Dataset entries:
Start of Block
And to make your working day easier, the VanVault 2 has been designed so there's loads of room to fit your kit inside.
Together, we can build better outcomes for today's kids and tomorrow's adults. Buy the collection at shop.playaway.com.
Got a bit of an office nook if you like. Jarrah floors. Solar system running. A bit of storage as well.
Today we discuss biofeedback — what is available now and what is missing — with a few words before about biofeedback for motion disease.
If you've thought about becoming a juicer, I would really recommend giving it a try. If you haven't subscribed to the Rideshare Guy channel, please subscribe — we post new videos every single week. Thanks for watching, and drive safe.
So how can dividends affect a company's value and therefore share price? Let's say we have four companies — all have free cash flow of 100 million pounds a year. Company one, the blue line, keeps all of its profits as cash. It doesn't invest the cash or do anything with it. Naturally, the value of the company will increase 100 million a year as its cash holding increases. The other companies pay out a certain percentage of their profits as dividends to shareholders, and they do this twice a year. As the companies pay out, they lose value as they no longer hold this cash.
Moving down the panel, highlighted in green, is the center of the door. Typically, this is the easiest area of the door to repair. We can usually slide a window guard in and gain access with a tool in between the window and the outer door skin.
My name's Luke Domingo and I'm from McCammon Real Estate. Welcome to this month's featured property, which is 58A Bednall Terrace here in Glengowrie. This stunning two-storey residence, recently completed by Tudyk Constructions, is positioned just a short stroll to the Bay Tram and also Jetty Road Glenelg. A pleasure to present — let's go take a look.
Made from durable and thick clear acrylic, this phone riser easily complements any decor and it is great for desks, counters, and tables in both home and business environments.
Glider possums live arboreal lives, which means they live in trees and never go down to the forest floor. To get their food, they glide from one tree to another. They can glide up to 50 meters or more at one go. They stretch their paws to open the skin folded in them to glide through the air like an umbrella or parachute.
End of Block
Start of Block
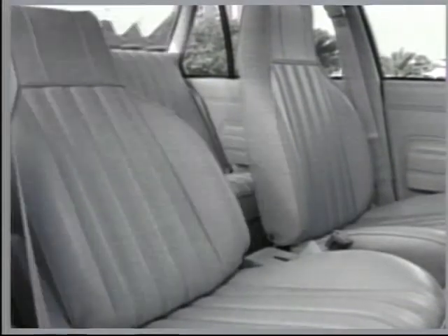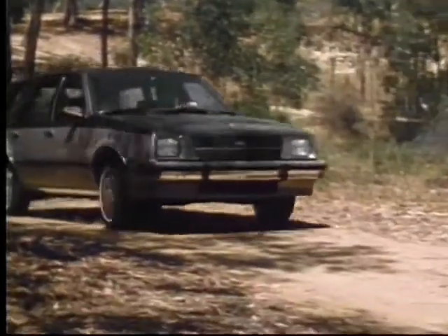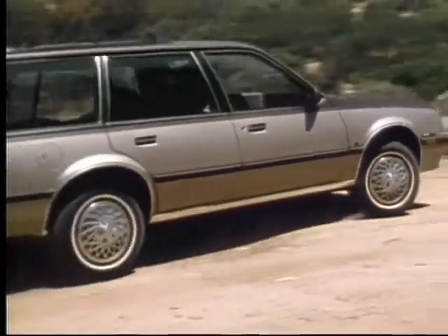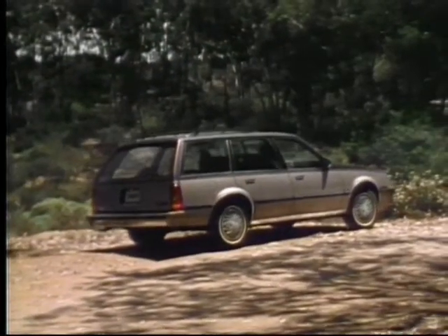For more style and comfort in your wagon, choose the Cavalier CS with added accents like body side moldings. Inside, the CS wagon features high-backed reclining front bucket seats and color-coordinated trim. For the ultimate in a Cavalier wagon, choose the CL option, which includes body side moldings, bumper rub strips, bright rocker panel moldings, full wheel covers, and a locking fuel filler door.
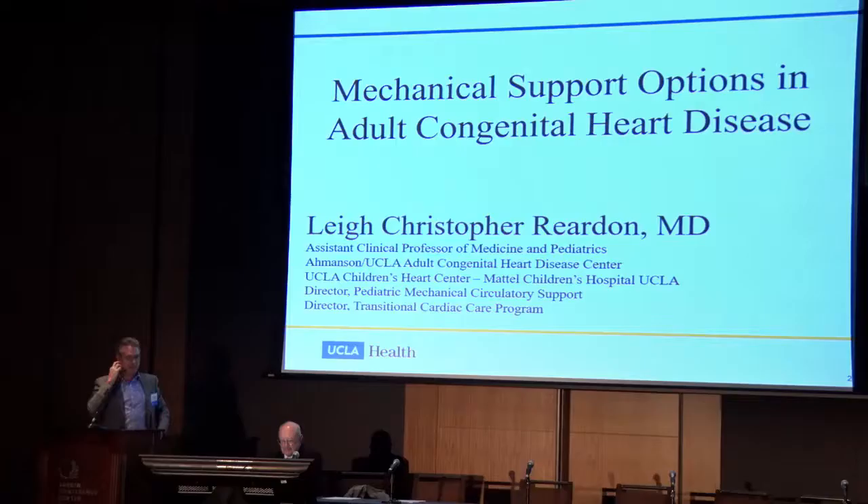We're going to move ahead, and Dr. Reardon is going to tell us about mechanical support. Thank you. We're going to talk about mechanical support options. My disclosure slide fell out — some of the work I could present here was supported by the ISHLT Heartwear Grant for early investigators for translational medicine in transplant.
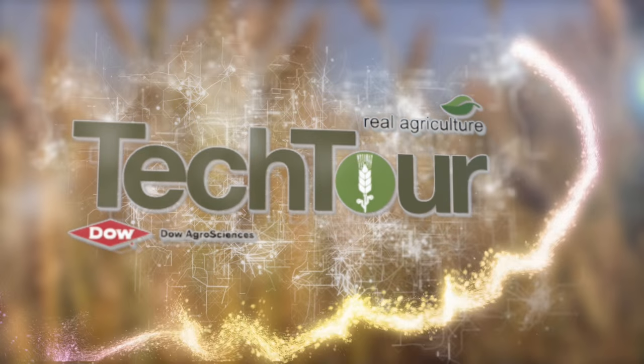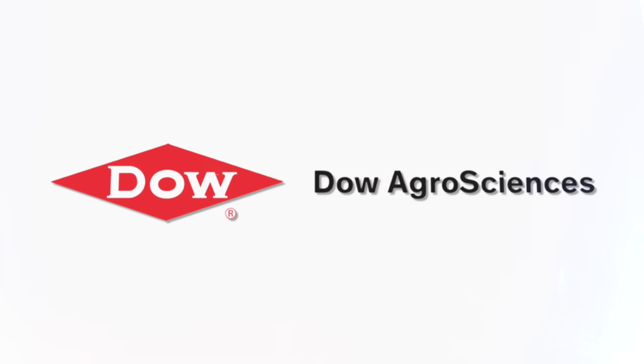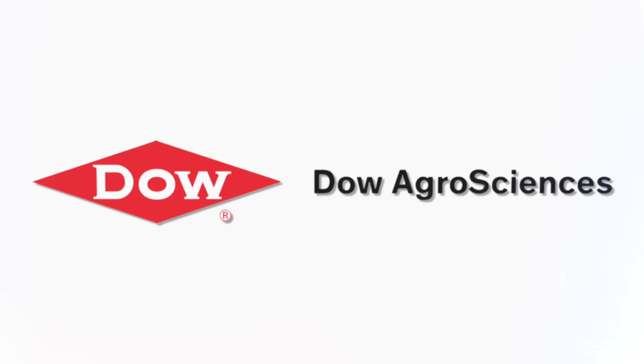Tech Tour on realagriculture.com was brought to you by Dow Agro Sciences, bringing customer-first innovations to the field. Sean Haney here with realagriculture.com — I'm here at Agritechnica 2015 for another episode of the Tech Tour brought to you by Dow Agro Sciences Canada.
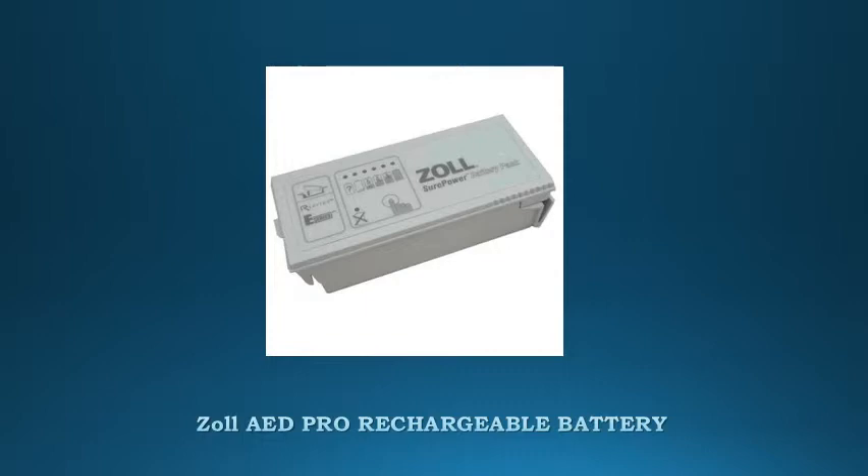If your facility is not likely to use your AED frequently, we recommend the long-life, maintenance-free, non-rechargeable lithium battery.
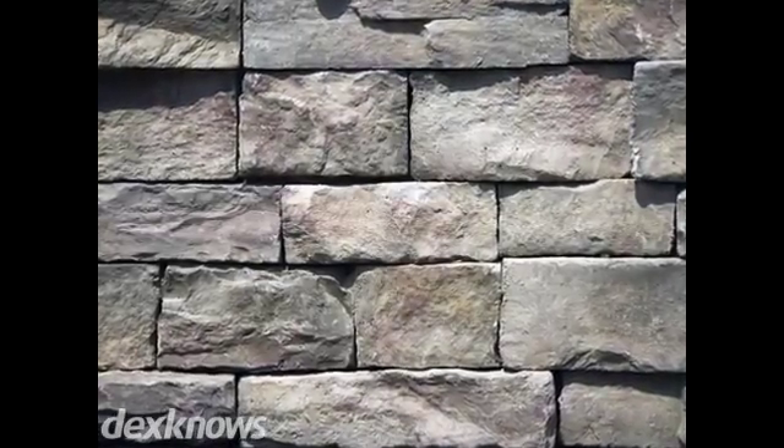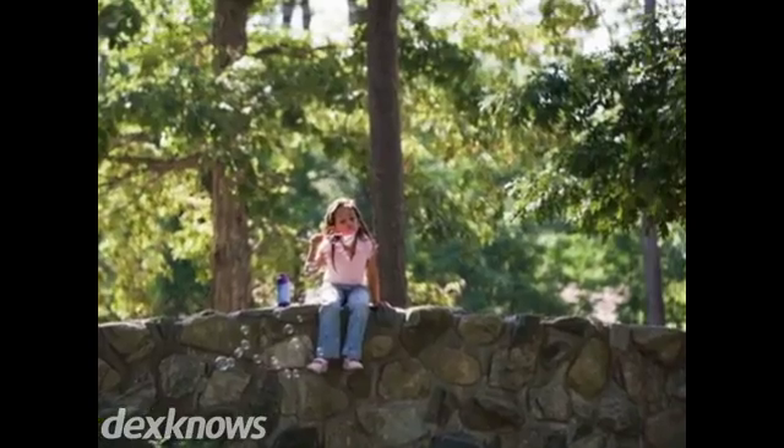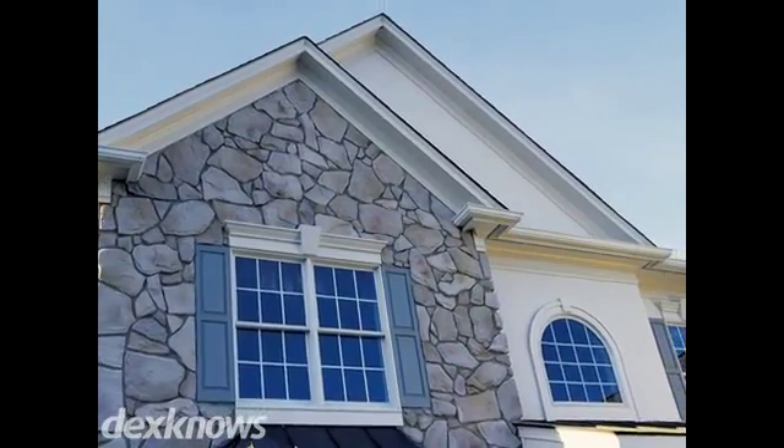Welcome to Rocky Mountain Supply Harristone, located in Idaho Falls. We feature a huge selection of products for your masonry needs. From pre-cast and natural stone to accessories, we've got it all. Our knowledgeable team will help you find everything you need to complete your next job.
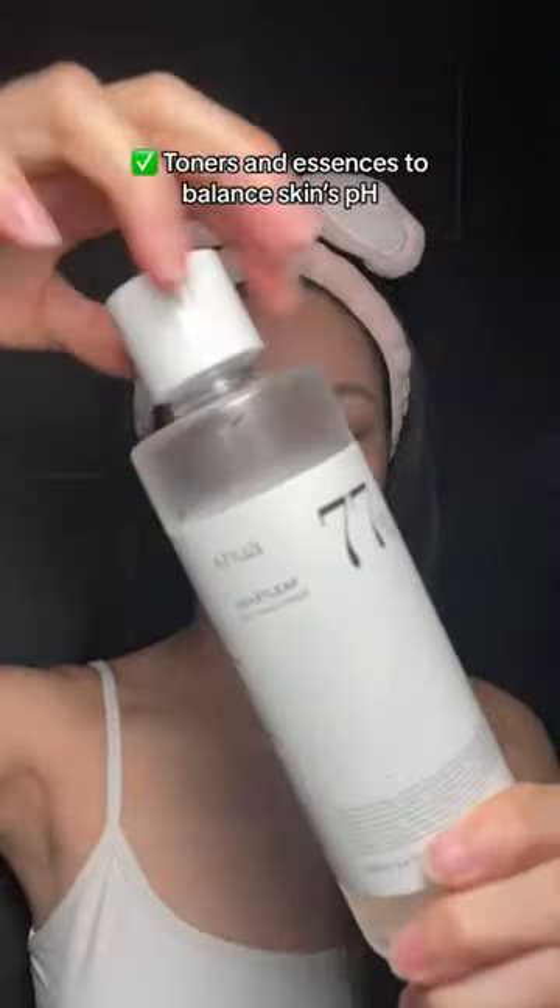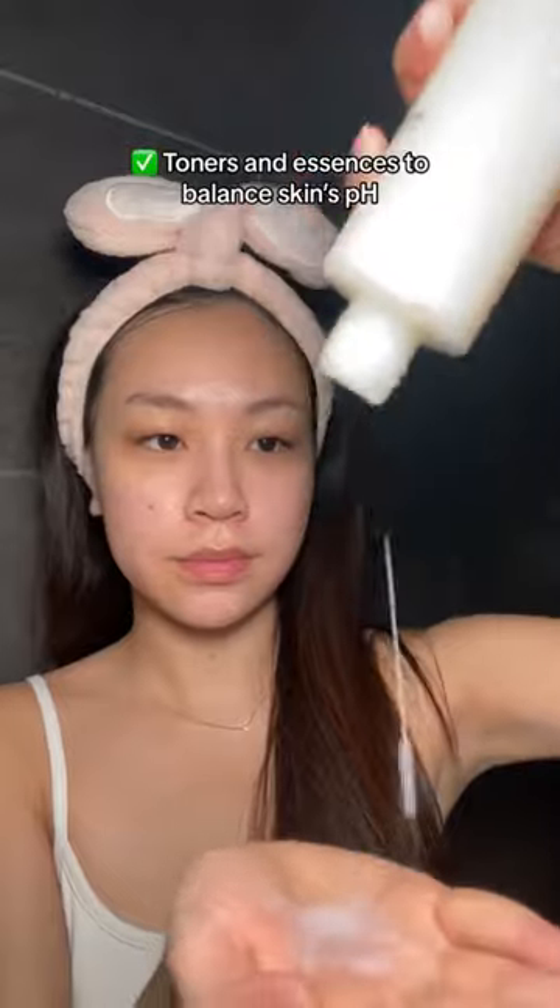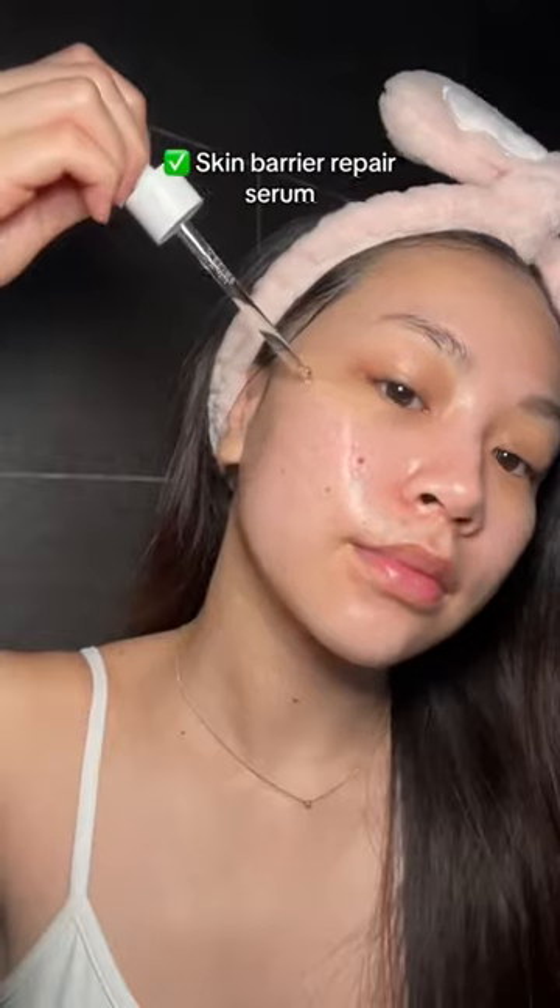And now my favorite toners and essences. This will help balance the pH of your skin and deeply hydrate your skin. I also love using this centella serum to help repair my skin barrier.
End of Block
**Exercise brief:**
Above are the records; copy from them only the lines starting at the one containing "Tech Tour on" and ending at the one containing "And now my favorite", exactly and without pictures.

**Answer space:**
Tech Tour on realagriculture.com was brought to you by Dow Agro Sciences, bringing customer-first innovations to the field. Sean Haney here with realagriculture.com — I'm here at Agritechnica 2015 for another episode of the Tech Tour brought to you by Dow Agro Sciences Canada.
If your facility is not likely to use your AED frequently, we recommend the long-life, maintenance-free, non-rechargeable lithium battery.
Welcome to Rocky Mountain Supply Harristone, located in Idaho Falls. We feature a huge selection of products for your masonry needs. From pre-cast and natural stone to accessories, we've got it all. Our knowledgeable team will help you find everything you need to complete your next job.
And now my favorite toners and essences. This will help balance the pH of your skin and deeply hydrate your skin. I also love using this centella serum to help repair my skin barrier.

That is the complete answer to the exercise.